Monheim: Selbstverteidigung beginnt im Kopf

Monheim: Selbstverteidigung beginnt im Kopf

Ein spezielles Selbstverteidigungstraining lehrt Frauen ab 55 Jahren Abwehrtechniken in Gefahrensituationen.

Reiner Odhofer ist ein Kerl wie ein Baum. "Eins vorweg", sagt der Selbstverteidigungstrainer zu Beginn des Trainings im Caritas-Café Resi und steuert damit direkt gegen eine eventuell überhöhte Erwartungshaltung der rund 25 Teilnehmerinnen an. "Glauben Sie bitte bloß nicht, Sie seien unbesiegbar, wenn Sie hier raus gehen. Männern meiner Statur werden Sie nach wie vor körperlich unterlegen sein. Und doch gibt es ein paar Tricks und Tipps, die ich Ihnen zeigen möchte, denn Selbstverteidigung beginnt im Kopf."

Eine Frau mit grauen Locken nickt, Körperhaltung und Selbstbewusstsein spielen eine große Rolle, davon hat sie schon häufiger gehört. "Es gibt Statistiken über die verschiedenen Tätergruppen", erläutert Odhofer, "und dabei hat man herausgefunden, dass fast 80 Prozent zu der angepassten, aggressionsgehemmten Gruppe gehören. Diese Täter suchen sich generell Opfer, die unsicher wirken, denn sie haben große Angst und flüchten bei der kleinesten Gegenwehr."

Das ist eine gute Nachricht für die besorgten Teilnehmerinnen, man liest und hört ja viel über zunehmende Gewaltbereitschaft. "Laufen Sie gerade, schauen Sie nicht nach unten, halten Sie den Kopf aufrecht, damit bewirken Sie schon mehr als Sie denken", appelliert Reiner Odhofer eindringlich. Als Jiu Jitsu-Trainer gibt er regelmäßig Kurse in Selbstverteidigung. Training mit der älteren Zielgruppe ist aber auch für ihn eine neue Erfahrung. "Im Grunde unterscheiden sich die Kurse nicht", erklärt er, "bis auf die Tatsache, dass wir hier mit wesentlich weniger Fall-, Wurf- oder Abrolltechniken arbeiten." Eine ungeduldige Teilnehmerin will es nun wissen. "Was, wenn ich aber doch richtig angegriffen werde?"
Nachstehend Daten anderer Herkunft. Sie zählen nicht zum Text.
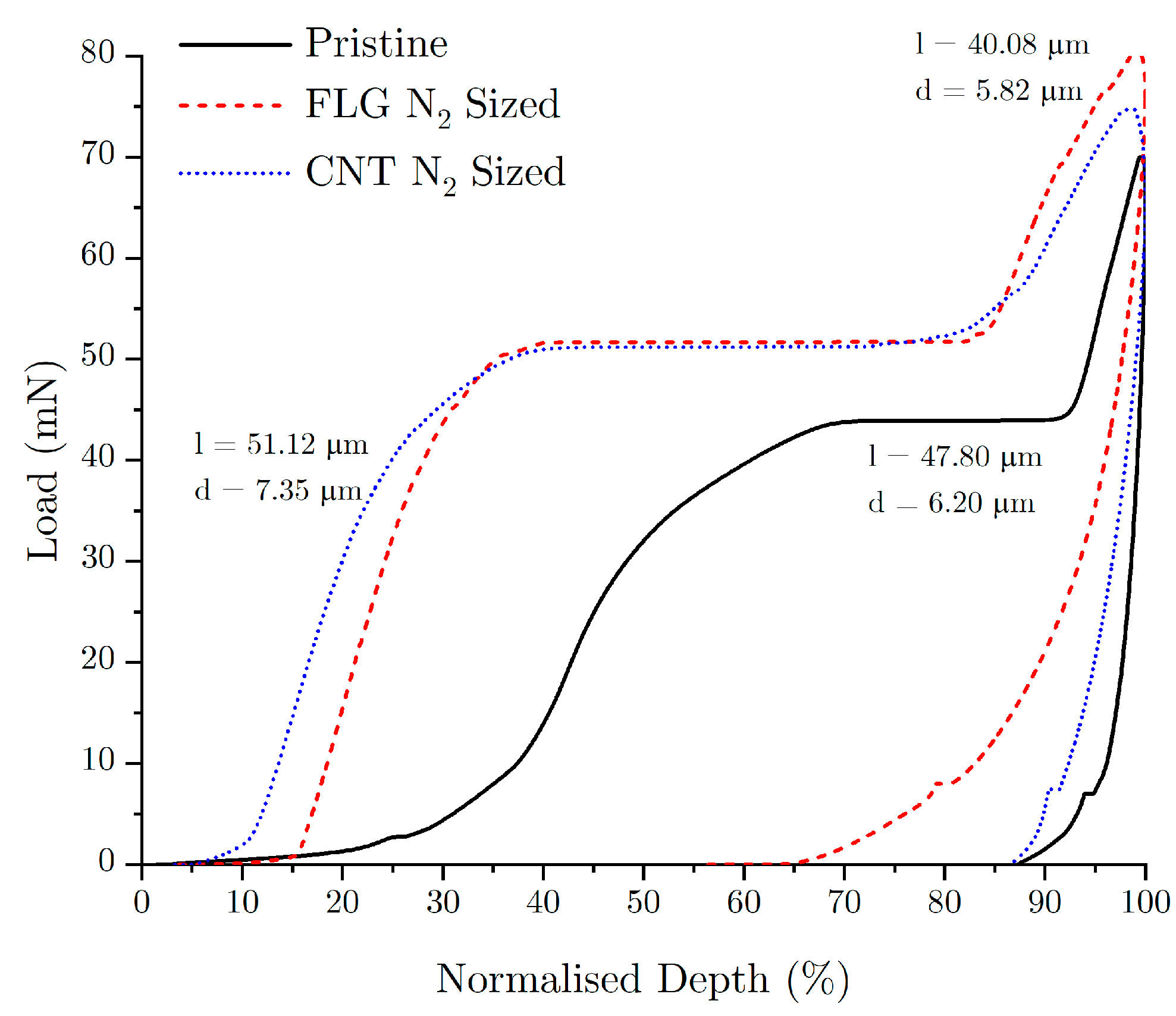 Fibers 12 00016 g010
In zwei Gruppen aufgeteilt lernen die Monheimerinnen erste Gegenwehrpraktiken. "Das linke Bein nach vorne, das rechte nach hinten, Knie anwinkeln und dann beherzt zuerst mit dem linken Handballen auf Nase, dann mit der rechten, meist stärkeren Hand ein zweites Mal zuschlagen". Bei jeder Einzelnen kontrollieren der Trainer und sein Helfer das richtige Vorgehen. Ungehemmtes Zuschlagen, selbst in die Schlagpratzen, fällt den meisten Frauen schwer. "Hey"" ruft der engagierte Trainer, "Täter wollen Opfer, keine Gegner, als los, wehrt Euch gefälligst richtig". Und dabei sei nahezu alles erlaubt, der Einsatz des eigenen Körpers, der Einsatz jeglicher Verteidigungsmittel, so Odhofer. "Gürtelschnallen, Kugelschreiber, Schraubenzieher, alles bitte einsetzen, was man hat. Haben Sie keine Hemmungen, rammen Sie ihm die Kugelschreiberspitze in den Kehlkopf oder in den Augapfel, wie auch immer." Die Frauen wirken ein wenig irritiert. "So viel Gewalt und Brutalität, muss das denn sein?", fragt eine zarte Frau. Die Antwort des Trainers mündet in einer Gegenfrage. "Sie oder er, was ist Ihnen lieber?"

Karin Arenz, Leiterin der Caritas-Bewegungsstätte in Monheim, verfolgt das Geschehen mit großem Interesse.

"Dieses Angebot scheint überfällig gewesen zu sein. Wir hatten weit über sechzig Anmeldungen, daher wird es im kommenden Jahr zwei weitere Termine geben."